In the race to see who will become the first canonized black American saint, one candidate’s cause has advanced: Mother Mary Lange, a renowned educator and founder of the Oblate Sisters of Providence, the first community of religious sisters in the United States for women of color.
In an announcement last week from the Archdiocese of Baltimore, where Mother Mary Lange lived and served, Archbishop William Lori said that “I’m happy to say her cause is moving along.”
After meeting with Vatican officials about Lange’s cause last week, Lori reported that the paper arguing for her life of heroic virtue was nearly finished, and that the “positio,” another document arguing for her cause for canonization, was complete and being sent to the Congregation for the Causes of Saints. If approved, the document will be forwarded to Pope Francis, who would then be able to grant the title of “Venerable” to Mother Mary Lange.

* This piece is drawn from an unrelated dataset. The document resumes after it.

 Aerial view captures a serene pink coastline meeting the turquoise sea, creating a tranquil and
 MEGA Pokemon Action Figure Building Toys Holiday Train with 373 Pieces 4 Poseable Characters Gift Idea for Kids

Scant concrete details are known about the early life of Mother Lange. She was born Elizabeth Clarisse Lange sometime around the year 1784, most likely in a French-speaking area of Santiago, Cuba. Her parents were reportedly refugees who fled to Cuba from a revolution in their native Saint Domingue (in present-day Haiti), according to the Black and Indian Mission Office.
In the early 1800s, Lange emigrated to the United States from Cuba, and settled in Baltimore, Maryland, a popular landing spot for other French-speaking Catholic Haitian refugees at the time. She arrived in the U.S. well-educated and with some money to her name, indicating that her parents were also educated and well-off.
According to the Mother Lange Guild, Lange was living in Baltimore by 1813, and soon after realized that the children of her fellow refugees were in desperate need of education, something that was hard to come by for black children in pre-Civil War America.
Together with a friend, Marie Magdelaine Balas, Lange began offering free education to children of color from her home. In 1828, Lange was approached by a priest, Reverend James Hector Joubert, S.S., about officially founding a Catholic school for girls of color. Lange told the priest that she had been wanting to dedicate her life to God, and that she wanted to start not only the school but also a religious order of sisters for women of color. Permission was granted, and in 1829, Lange and three other women (including Balas) took their first vows as Oblate Sisters of Providence. Lange, who became the superior of the order, took the religious name of Mary, and became known as Mother Mary Lange.
The first paragraph of their order’s rule spelled out their vocation and mission: “The Oblate Sisters of Providence are a religious society of virgins and widows of color. Their end is to consecrate themselves to God in a special manner not only to sanctify themselves and thereby secure the greater glory of God, but also to work for the Christian education of colored children.”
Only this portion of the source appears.